Descendiendo al caso que nos ocupa, considera la Sala que la determinación sobre la procedencia de las pretensiones que aquí se reclaman son asuntos que en manera alguna son de competencia del juez de tutela, a quien no le es dado arrogarse funciones que fueron otorgadas a otras autoridades, sino que estos pronunciamientos se logran mediante las acciones o recursos conducentes, donde sea el juez competente el que indique si le asiste o no la razón a los peticionarios, y en este orden de ideas mal podría predicarse vulneración de derecho fundamental alguno. Lo anterior, máxime cuando no es la acción de tutela el mecanismo idóneo para ordenar el pago de las mejoras que los accionantes alegan haber realizado en el predio «LA ESTERLINA», pues cuentan con otro medio de defensa judicial al cual puede acudir a debatir dicha situación que consideran no se ajusta a derecho, y donde pueden solicitar tal pretensión a fin de que sea el juez natural quien determine y resuelva sobre sobre su procedencia, la cual, conforme a lo planteado en el escrito de tutela, se enmarca en un contrato de aparcería que se encuentra regulado por la Ley 6 de 1975 y el Decreto 2815 de ese mismo año, y no el uso de una acción Constitucional reservada a casos cuya solución no contempla el ordenamiento jurídico por vía ordinaria.
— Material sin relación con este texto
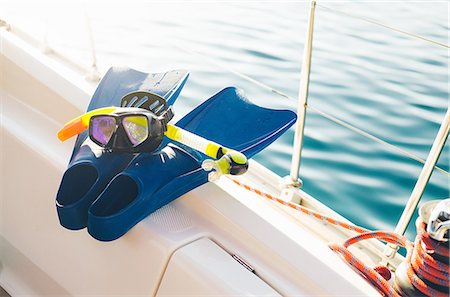 Diving flippers and goggles on boat Stockbilder - Premium RF Lizenzfrei, Bildnummer: 614-09078717
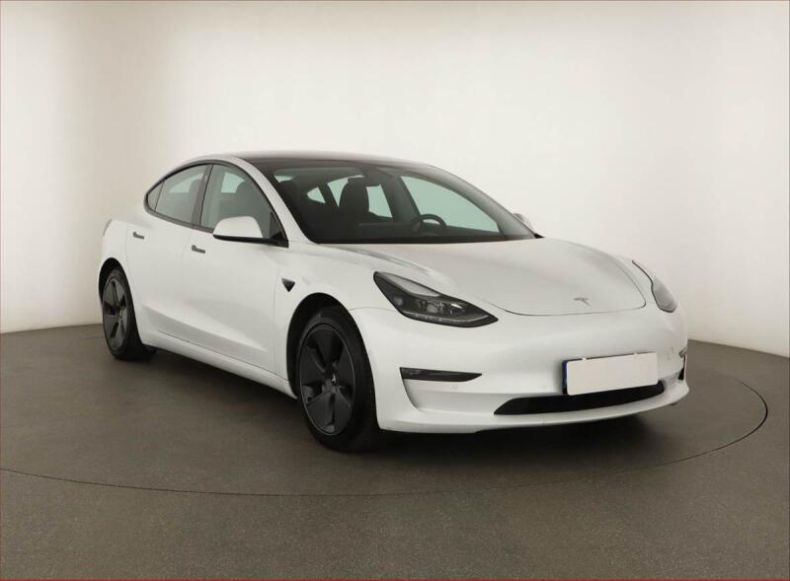 Tesla Model 3 - hlavní foto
De admitirse lo contrario, se desconocerían los principios de legalidad y juez natural, que precisamente aseguran que cada controversia sea decidida por un juez especializado. Sin que tampoco resulte procedente otorgar el amparo en forma transitoria, por la inexistencia de situaciones excepcionales que lleven a concluir en forma cierta la amenaza de un perjuicio irremediable, respecto del cual ha entendido esta Corporación que es aquel daño cierto, inminente, grave y de urgente atención que en el ámbito material o moral padece una persona y que resulta irreversible, es decir, que de producirse no puede ser retornado a su estado anterior, pues sus efectos ya se habrán generado.

Debe ser cierto, determinado y debidamente comprobado por el juez de tutela, quien además debe forzosamente concluir que tiene la característica de irreparable. En el presente caso, del material probatorio allegado, no puede inferirse razonablemente la existencia de las anteriores condiciones que ameriten y permitan acceder a la protección suplicada y que no pueda encontrar remedio a través de los mecanismos ordinariamente establecidos para tales efectos, más aun cuando el derecho reclamado debe ser cierto y manifiesto, de suerte que si para su esclarecimiento resulta indispensable acudir a inferencias, procedimientos y pruebas propias en un proceso, como acontece en este caso, en donde incluso las propietarias del inmueble niegan la existencia de algún tipo de vínculo contractual y por tanto de alguna obligación a su cargo, no es factible el uso de la tutela como mecanismo transitorio.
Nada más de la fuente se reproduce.